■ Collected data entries
==========
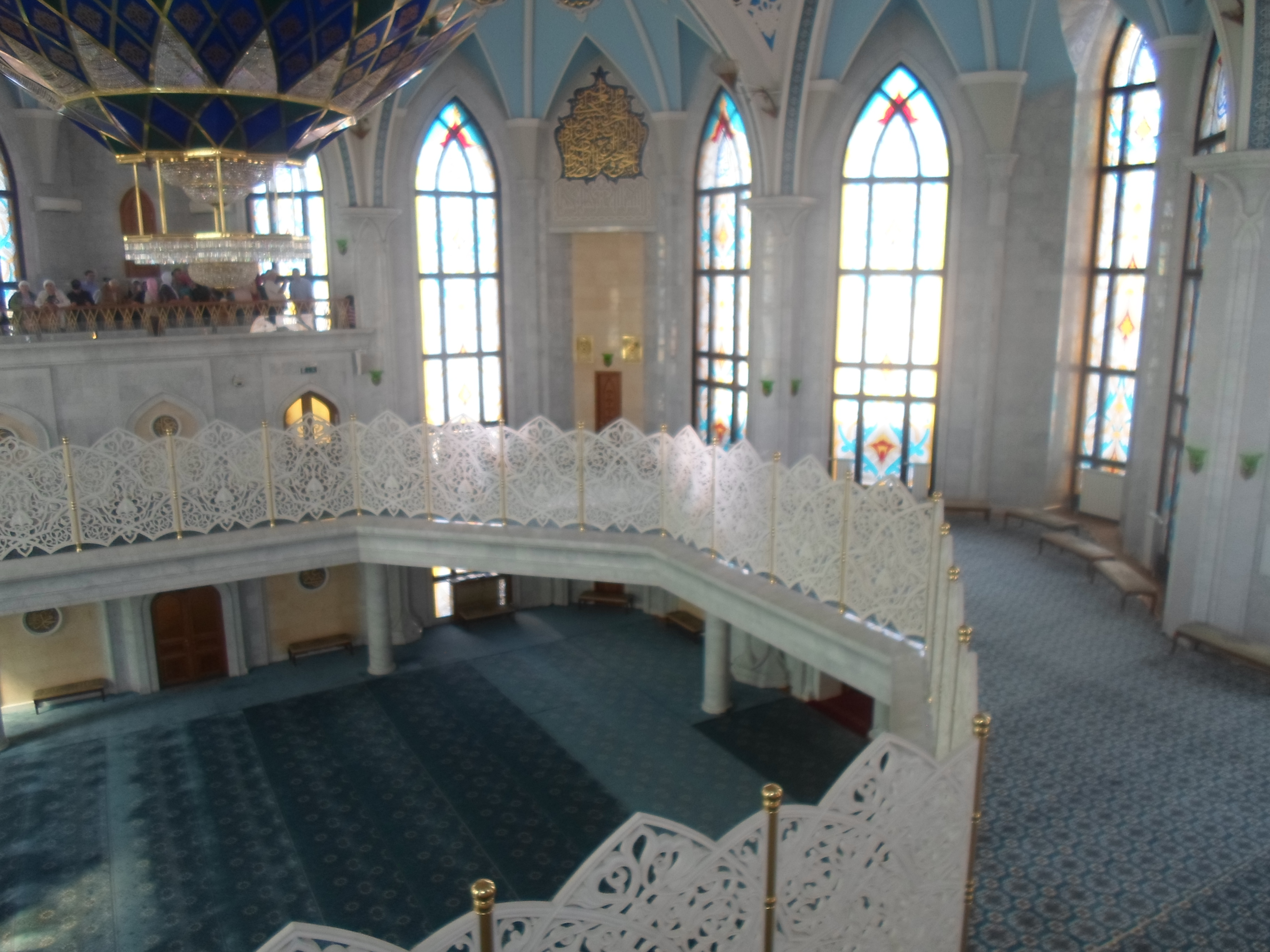 A mecset karzata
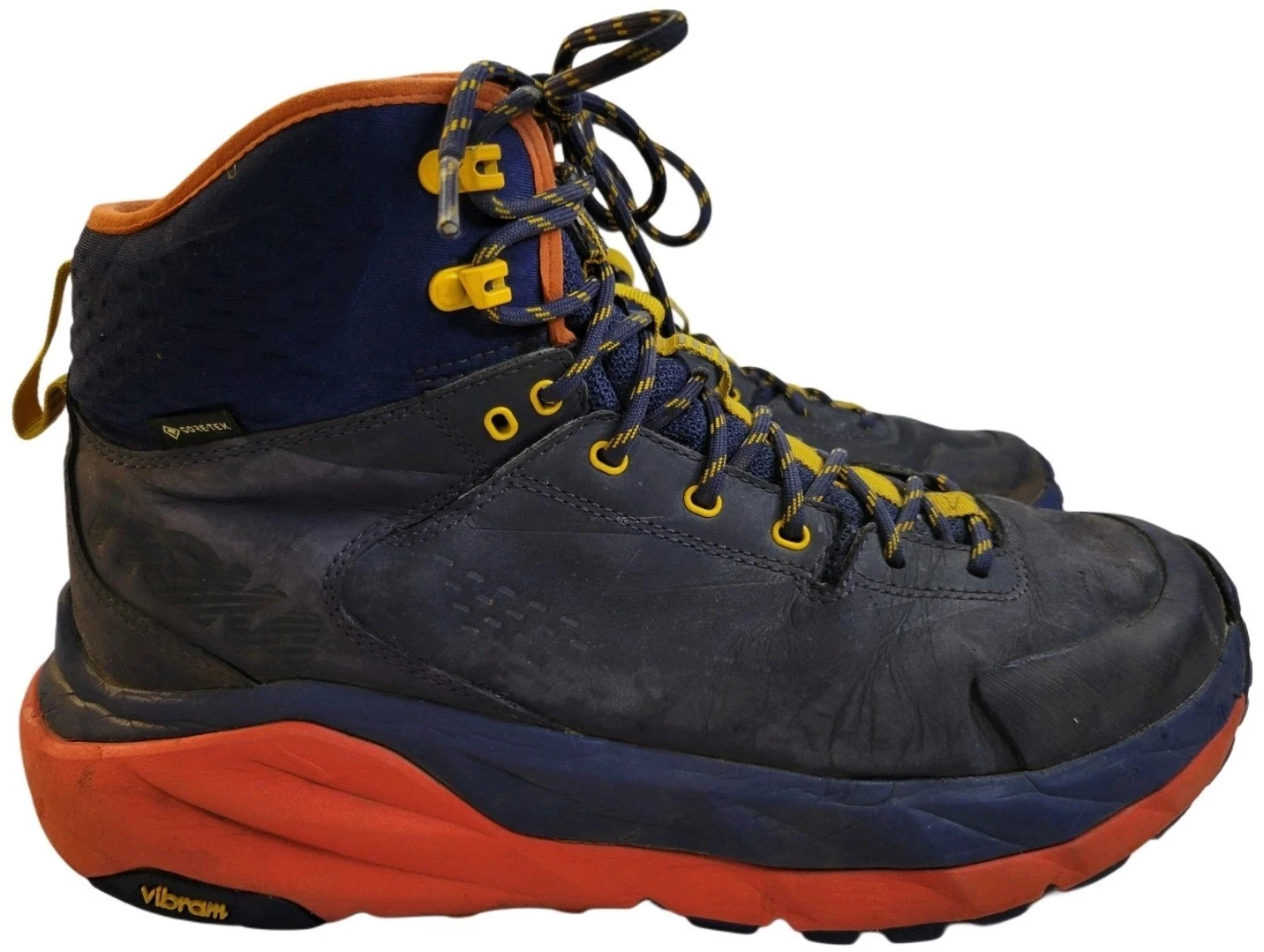 Hoka One One HOKA Kaha 2 GORE-TEX Low Thyme Radiant Yellow  display picture 2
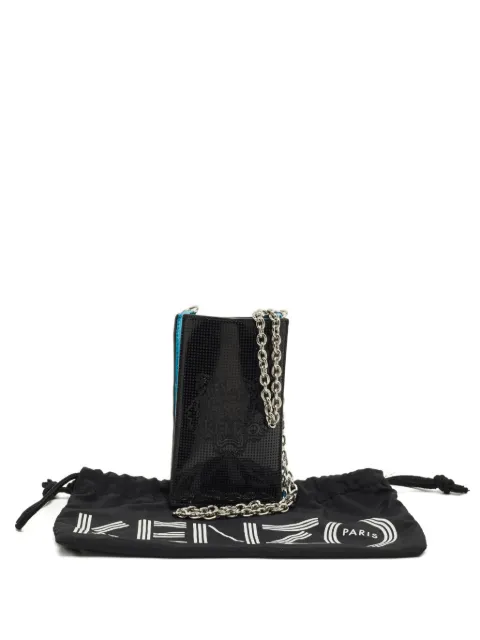 Kenzo Pre-Owned debossed-tiger phone bag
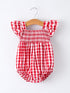 summer-plaid-smocked-ruffle-girl-romper-sibling-outfits-Sophia's Style-2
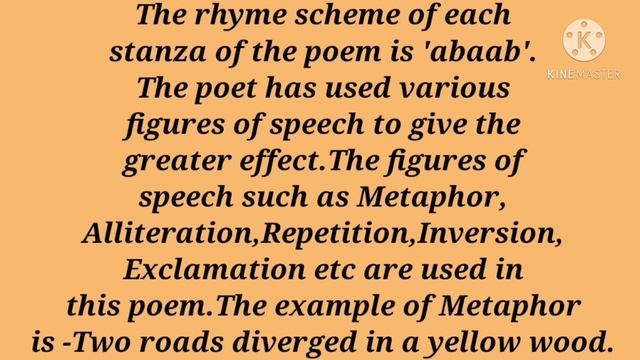 9th English -Appreciation of the poem -The Road Not Taken смотреть онлайн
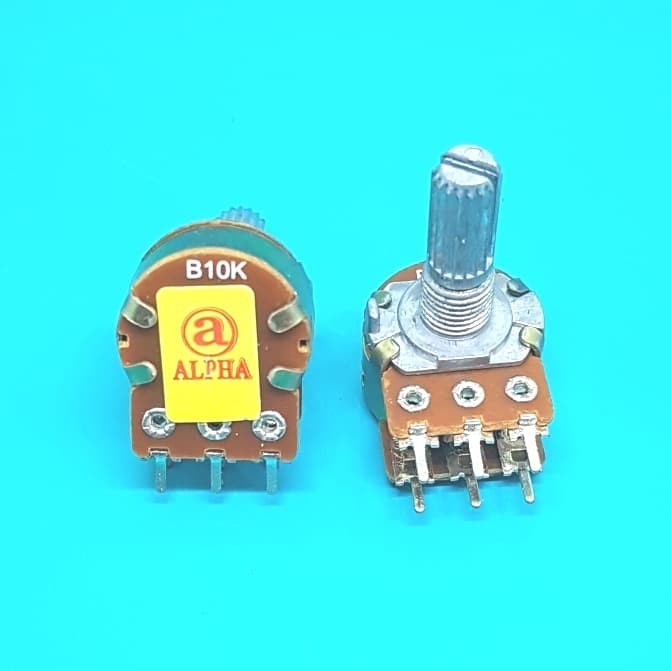 Potensio Potentio ALPHA B10K Stereo Original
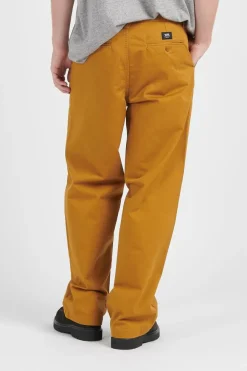 AUTHENTIC CHINO BAGGY P - Pantalon | Marron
==========
■ PROBLEM DESCRIPTION
Every record above must reappear exactly in the answer, minus its pictures.

■ RESULT OF THIS TASK
 A mecset karzata
 Hoka One One HOKA Kaha 2 GORE-TEX Low Thyme Radiant Yellow  display picture 2
 Kenzo Pre-Owned debossed-tiger phone bag
 summer-plaid-smocked-ruffle-girl-romper-sibling-outfits-Sophia's Style-2
 9th English -Appreciation of the poem -The Road Not Taken смотреть онлайн
 Potensio Potentio ALPHA B10K Stereo Original
 AUTHENTIC CHINO BAGGY P - Pantalon | Marron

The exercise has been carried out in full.